Companies with 25pc government investment face scrutiny

Companies in which the government has a 25 per cent stake could be forced to open their books to the public, as part of amendments approved by parliament yesterday..
Currently only firms in which the government has a 50pc shareholding are scrutinised by the Administrative and Financial Audit Bureau.
However, that could change if the amendment to the 2002 Administrative and Financial Audit Bureau Law approved by MPs comes into force.
The government opposes the move, but was obliged to draft the amendment based on a parliamentary proposal submitted earlier this year.
MPs approved it despite the Cabinet warning in writing that it could result in companies refusing to accept the government as an investor, since they may not be willing to open their books to public scrutiny.
The amendment will now be referred to the Shura Council.
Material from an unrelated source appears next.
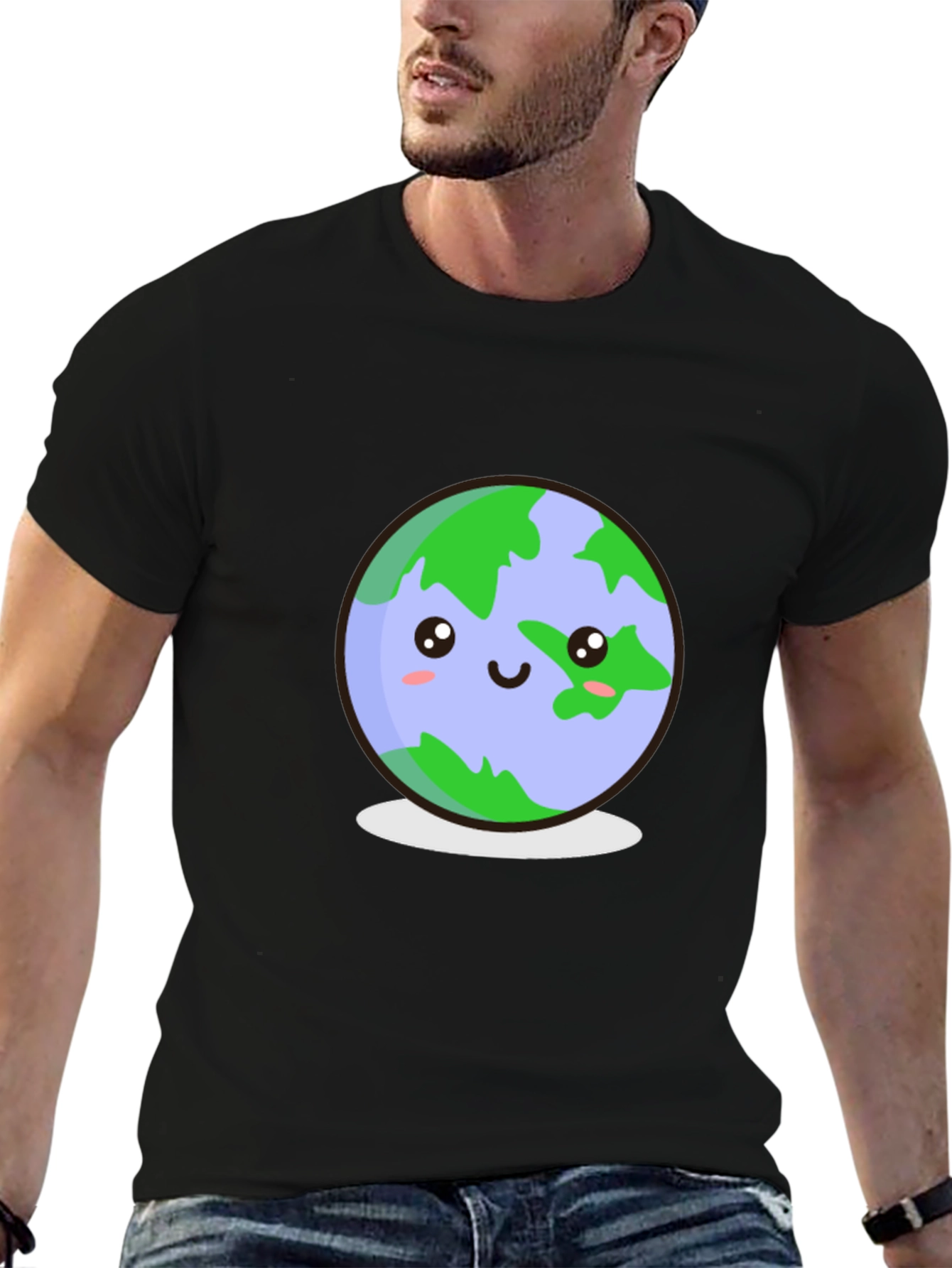 Kawaii Earth Graphic Tee - Black T-Shirt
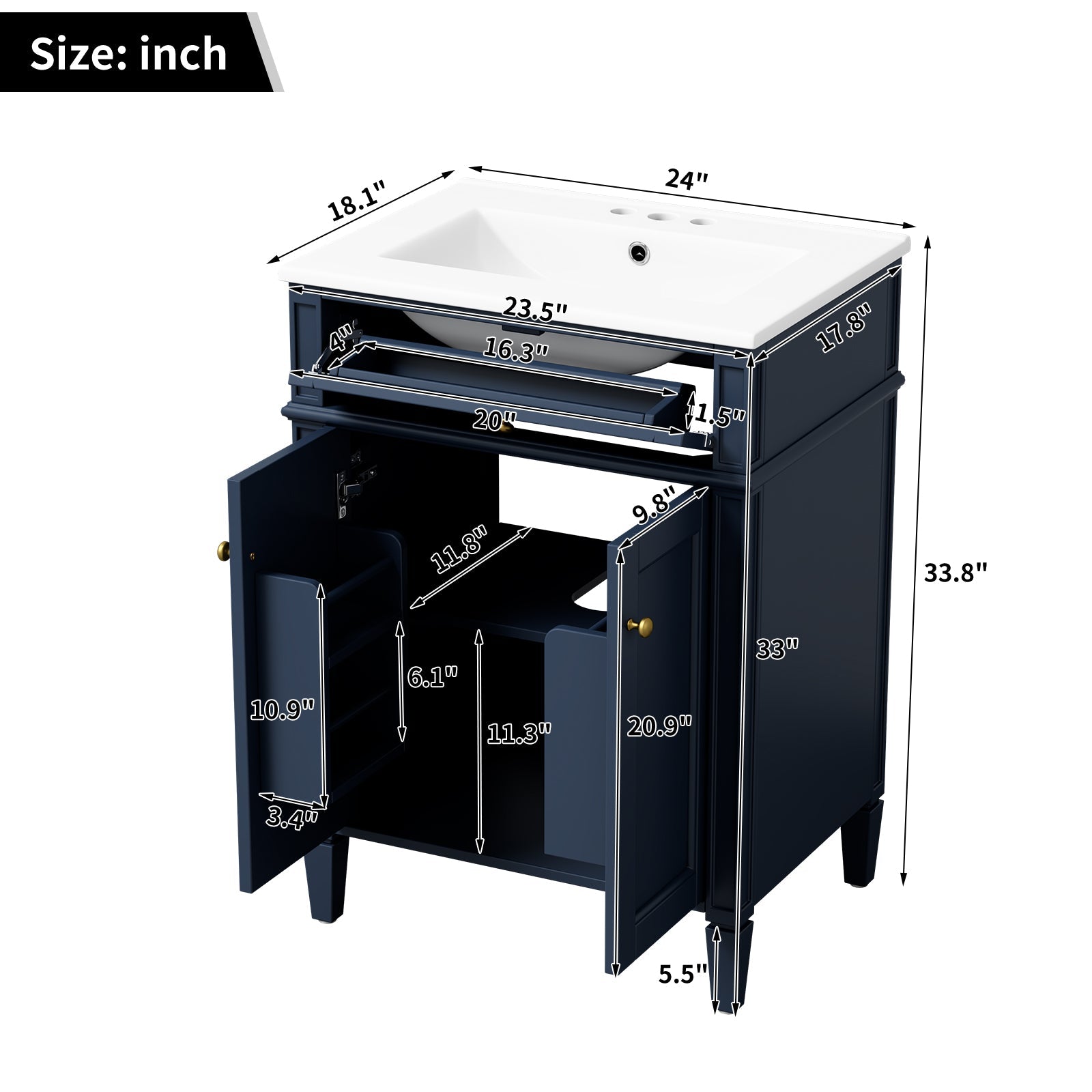 24" Bathroom Vanity with 2 Doors and Tip-Out Drawer by HouseOfZazla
“Current legislation and methods ensure that public money invested in private companies is protected, even if it is a stake of less than 50pc,” said the Cabinet in a letter to MPs.
“It undergoes careful auditing with all outcomes published in the local Press and announced at the end of each fiscal year.”
The bureau has also opposed the bill, saying it was more concerned about improper decision making at companies controlled by the government – not government investments or stocks.
“We are encouraging partnerships with the private sector to push ahead with projects, but this move will simply put the private sector off development,” it said in writing.
Similar concerns have been raised by the Legislation and Legal Opinion Commission.